- Born: 4 October 2011 (age 14) Dnipro, Ukraine

Gymnastics career
- Discipline: Rhythmic gymnastics
- Country represented: Ukraine; (2024-present);
- Head coach: Irina Deriugina
- Assistant coach: Olga Fesenko
- Medal record
Rhythmic Gymnastics
Representing Ukraine
Junior European Championships
| Silver medal – second place | 2026 Varna | Team |
| Bronze medal – third place | 2026 Varna | Ball |

= Varvara Chubarova =

Ukrainian rhythmic gymnast

Varvara Chubarova (Ukrainian: Варвара Чубарова; born 4 October 2011) is a Ukrainian rhythmic gymnast. She represents Ukraine in international competitions.

== Career ==

=== Junior ===
At the 2024 Ukrainian Championships Chubarova won gold with hoop and silver with ball among juniors. The following year she won bronze in the All-Around, silver with hoop and with ball and gold with clubs and ribbon at the 2025 Happy Cup in Ghent.
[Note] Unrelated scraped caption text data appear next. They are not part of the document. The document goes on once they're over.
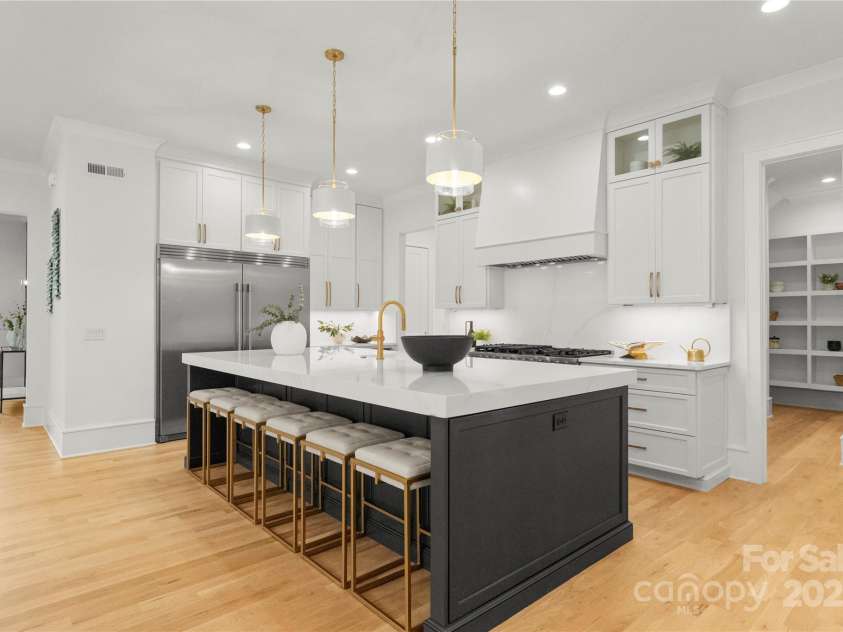 4142 Pineview Road, Charlotte, NC 28211.  MLS# CAR4127542, YatesRealty ID 17466. Let's cook together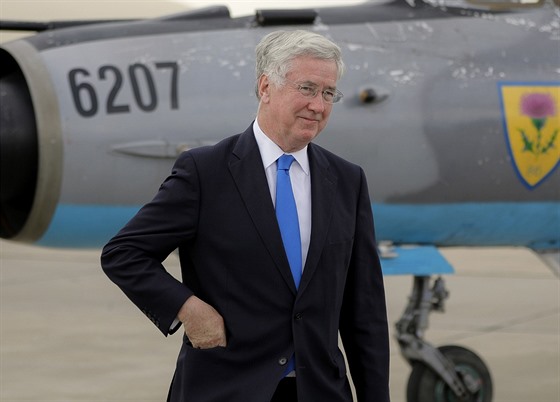 Britský ministr obrany Michael Fallon ve stedu rezignoval. elí obvinní ze...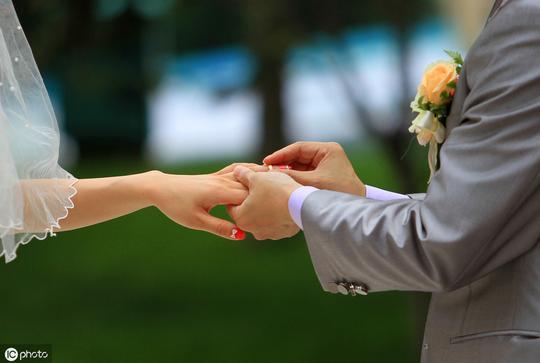 婚姻的小船触礁搁浅，是女人没陪男人创业，还是没给足男人面子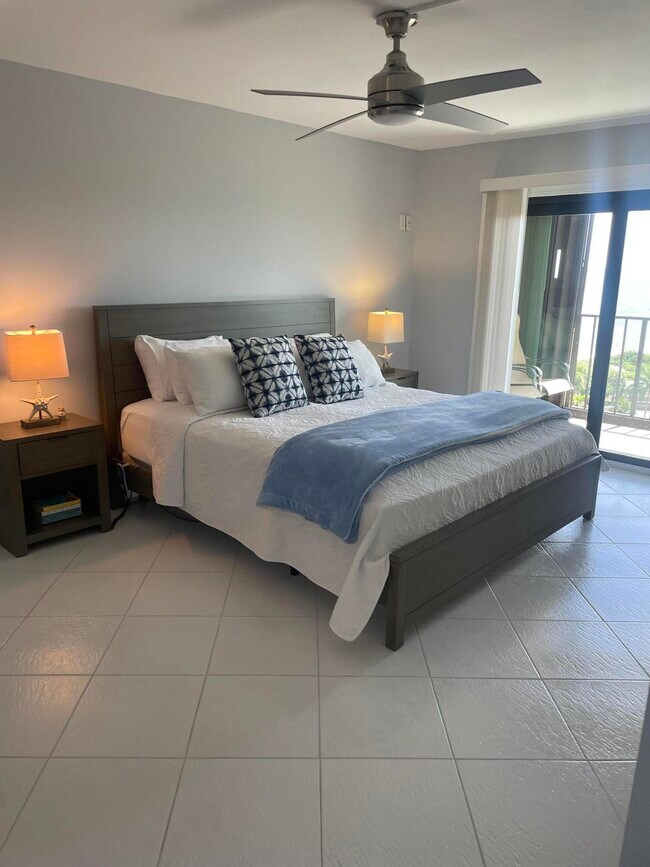 Building Photo - 801 S Ocean Dr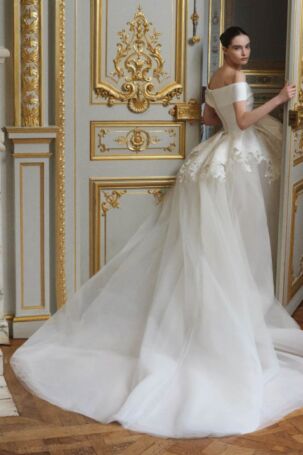 1/51 | Elie Saab Spring 2027 Bridal | Courtesy of Elie Saab Elie Saab Spring 2027 Bridal | Courtesy of Elie Saab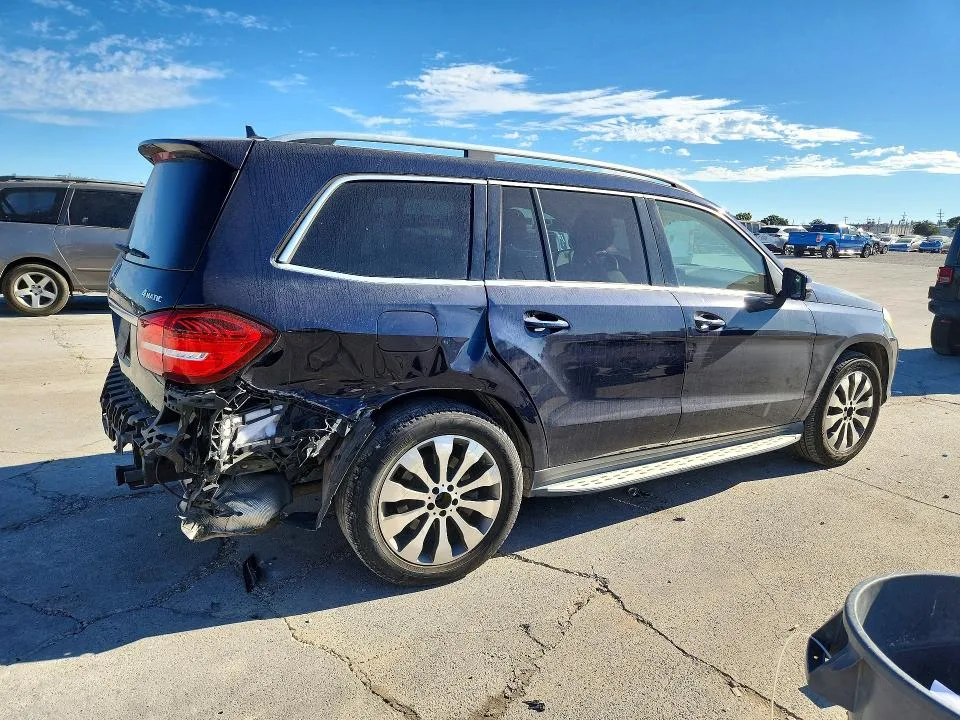 4JGDF6EE6JB007706 — 2018 MERCEDES-BENZ GLS photo 3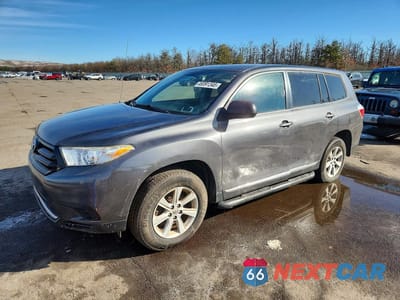 2012 TOYOTA HIGHLANDER BASE 5TDBK3EH0CS169441 - główne zdjęcie licytacji z USA - miniatura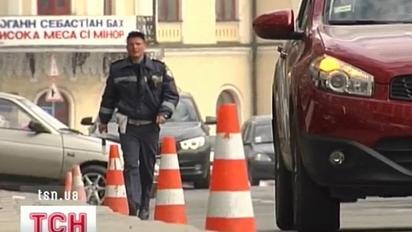 Центральну вулицю країни звільнили від автомобілів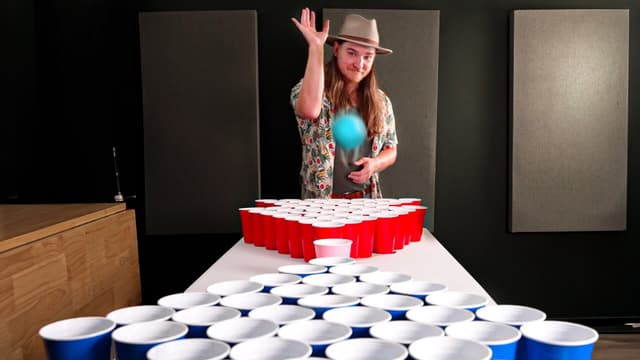 S01:E09 - We Played ULTIMATE Beer Pong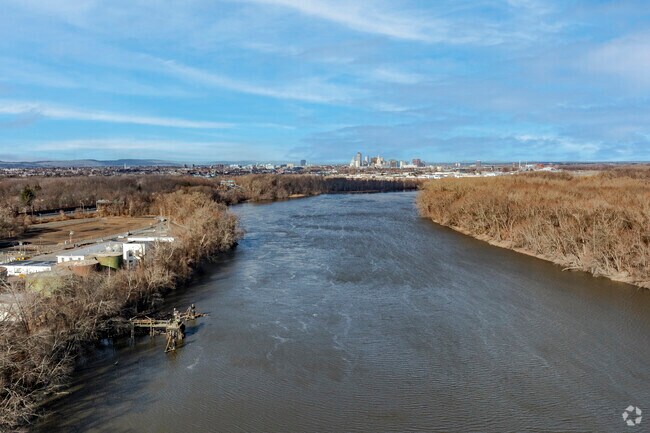 The CT river is an active zone of recreation around Wethersfield.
In May 2026 she performed with ribbon at the European Cup in Baku, being 4th in teams and 6th with ribbon. She was then selected for the European Championships in Varna, winning bronze, behind Kira Babkevich and Melissa Diete, in the ball final and in teams alongside Sofiia Krainska and Sofiia Kulikova. After she medalled she spoke about how hard it was to train in her native Dnipro under Russian heavy bombing, her and Krainska decided to cover their eyes and wear headphones during the Russian and Belarussian's anthems in protest of the end of the neutrality rules.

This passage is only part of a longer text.